Debenhams is not the only strategic investment Sports Direct is pursuing, it also has a stake in House of Fraser, French Connection and Goals Soccer Centres, although to what end, nobody really knows.
Street life
Although Sports Direct’s revenues rose 3.5% to £3.36bn, this was mostly driven by recent US acquisitions, with sports retail sales falling 2% in its main UK market. There was some good news, with strong pre-capex free cash flow rising almost 27% to £326.2m, although net debt more than doubled to £397.1m, due to the purchase of its own shares, strategic investments and investment in property. The National Living Wage also hurt.
Sports Direct also has to contend with the UK retail blight, although that may work in its favour as high street competitors go to the wall. The England World Cup run may have boosted sales too.

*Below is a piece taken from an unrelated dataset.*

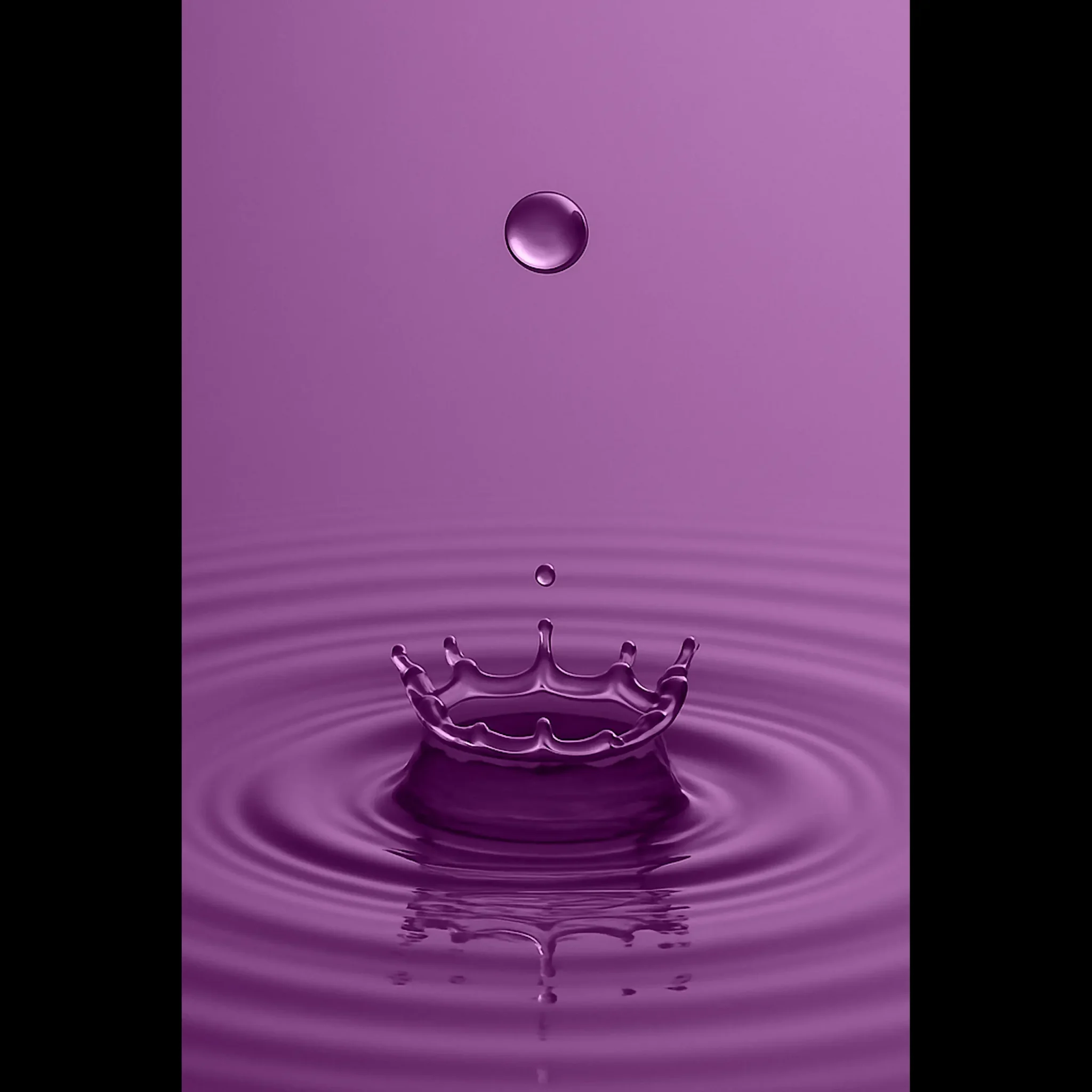 US Giclée Print Poster DROP OF PLUM. Fine Art Wall Art with Archival Quality. Printed, packaged, and shipped in the US. Exclusive ColorVanta design.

At a forecast valuation of 24.2 times earnings, you are paying a high price for buying into failure, although that does not deter Peter Stephens. There is no yield either, and earnings per share are forecast to fall another 11% in the year to 30 April 2019. All this and Mike Ashley too? Not for me.
Mellow Yellow
Self-storage specialist Big Yellow Group (LSE: BYG) has also shone over the last year its share price rising 22% in that time. It is shining today as well, up 1.5% after publishing an update for the first quarter to 30 June.
The statement showed that its 74 Big Yellow stores increased like-for-like closing occupancy to 84.2%, an increase of 2.6 percentage points from 30 June. Its average achieved net rent per sq ft increased by 3.2% compared to the same quarter last year.
Store of value
The group’s like-for-like revenue increased by 7.6% on the same quarter last year, driven by a combination of growth in occupancy and rates. It is also pressing ahead with other developments, extending in Wandsworth and Wapping, constructing a landmark store in Manchester city centre, and submitting an application for a planned store at King’s Cross.
CEO James Gibson reminded investors that it continues to follow a “more aggressive expansion strategy, largely through the acquisition of raw land”. A forecast yield of 3.4% makes this FTSE 250 stock an attractive pick for income investors, despite its elevated valuation, currently 22.7 times earnings. Management is under fire for its executive pay practices, with Royal London Asset Management leading the charge. However, for me the future looks bright, the future looks Yellow.